Помню, что, прочитав ротаторную копию журнала, внес прямо на своем авторском экземпляре еще несколько изменений, но вскоре потерял этот экземпляр. Тем не менее к тому времени я решил, что рассказ мне нравится. Месяц назад, после двенадцатилетнего перерыва, я откопал ксерокопию журнального выпуска, перечитал свой рассказ и, чтобы утихомирить новые сомнения, сделал еще несколько правок от руки. Потом перепечатал текст с учетом внесенных правок и добавил множество других — плод новых многочисленных сомнений. Потом перепечатал очередной «окончательный» вариант, внеся дополнительные, совсем небольшие изменения. В последующие несколько дней я неоднократно перечитывал текст и после каждого раза вносил от трех до пяти новых правок. Именно эта версия, с учетом нескольких предложений редактора, вошла в данный сборник. Если не считать редактора, это двенадцать слоев сомнений, распределенных по временно́му промежутку в семнадцать лет. Я знаю, что писал первую версию рассказа в 1962 году с наслаждением. И переписывал рассказ я тоже с наслаждением. Однако, если положить руку на сердце, он кажется мне чуточку… легковесным; иными словами, описанный мною процесс сомнений и правок в конечном итоге интересен не потому, что гарантирует успех, но лишь потому, что имеет место. Тут-то мы можем усомниться в самом процессе сомнений — и тогда повествование, к лучшему или к худшему, становится лишь привычкой ума, через которую проходит писатель, когда пишет, а рассуждения — лишь главным из отвлекающих маневров, о которых я говорил в самом начале. Но все же, каким бы легковесным ни казался мне рассказ, теперь я гораздо ясней, чем семнадцать лет назад, представляю себе действующих лиц, пейзаж, архитектуру и все прочие атрибуты. И если Старджон прав, возможно, и читатели теперь яснее представляют себе все это — во всяком случае, по сравнению с читателями самой первой версии.

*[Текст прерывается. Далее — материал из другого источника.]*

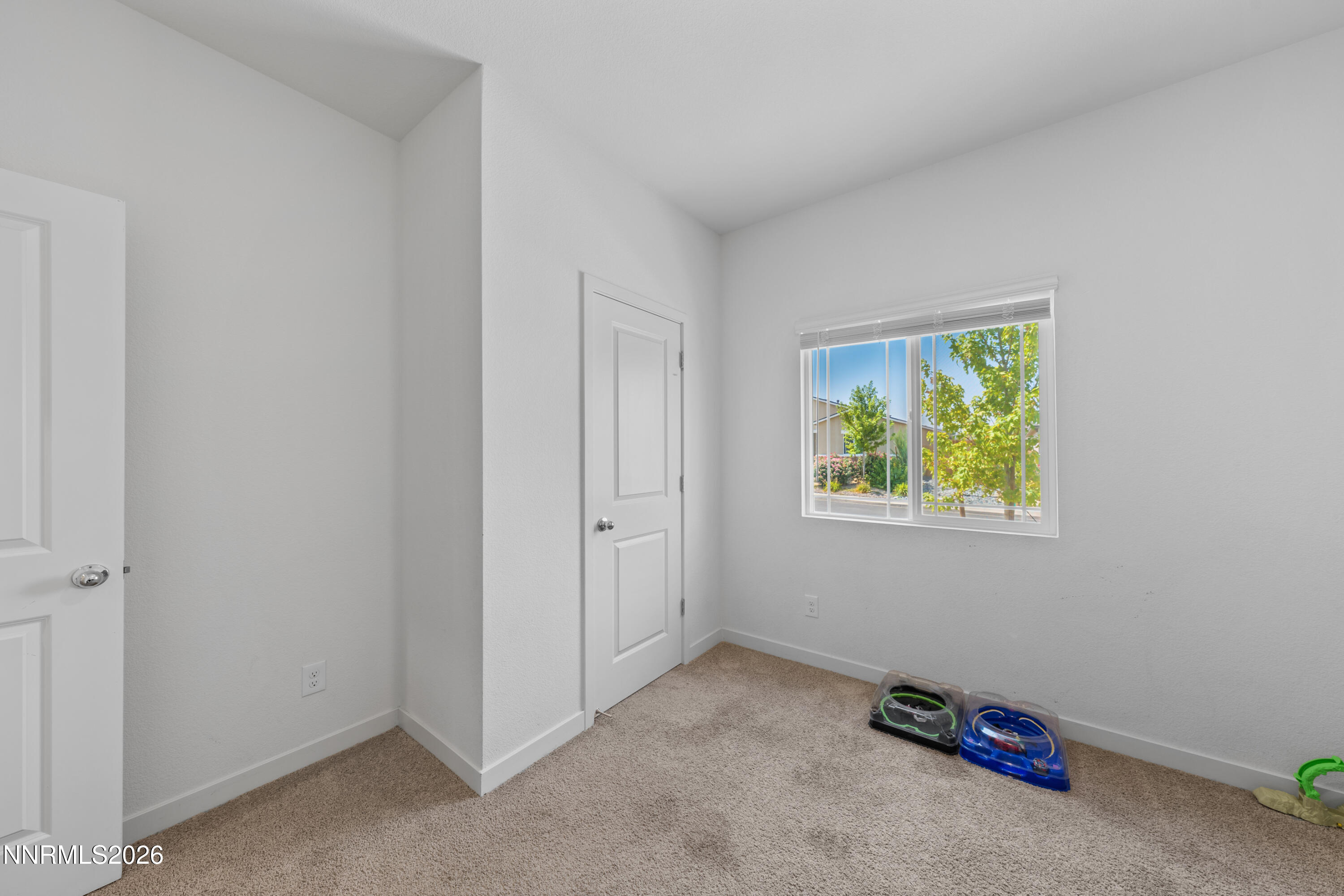 1692 Picetti Way Property Photo 7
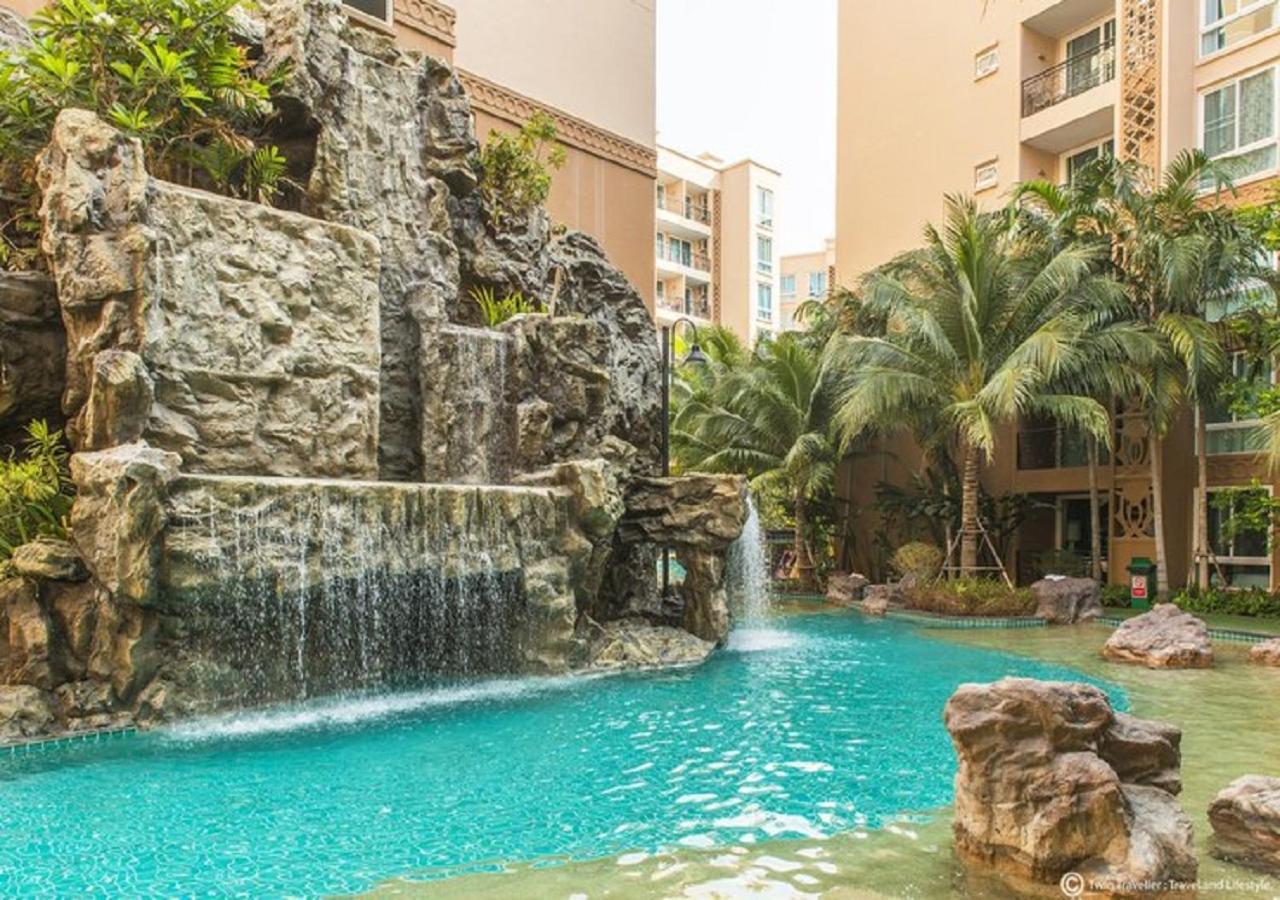 Atlantis Condo Resort By Somphong Pantai Jomtien Bagian luar foto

Это все, что я хотел сказать о долгосрочных сомнениях.

Французский писатель Флобер известен неимоверными усилиями, которые вкладывал в работу над стилем своих произведений. Покойный Ролан Барт однажды пошутил, что Флобер привнес в писательский труд само понятие труда, отчего консервативный французский средний класс стал больше доверять литераторам. Однажды Флобер несколько дней потратил на одно предложение и в итоге лишь убрал оттуда одну-единственную запятую. По-прежнему неудовлетворенный (все еще сомневаясь), он продолжал обдумывать это предложение и по прошествии еще нескольких дней вернул запятую на место. Но теперь, как выразился Флобер в одном из своих писем, он знал, зачем она там стоит[60].

Я подозреваю, что даже это относится к простым вещам, которые можно сказать о писательском ремесле. Работа писателя, не говоря уже о знании, обретаемом в итоге, лежит не в области рационального, порождающей объяснения, годные для научных трудов, но в странно расплывчатой зоне, где лингвистическая компетенция (знание языка, разделяемое каждым, кто умеет на нем говорить) смыкается с личными предположениями писателя о том, как заставить слова значить более точно и более интенсивно. Об этом трудно говорить и писать. Потому что это и есть труд.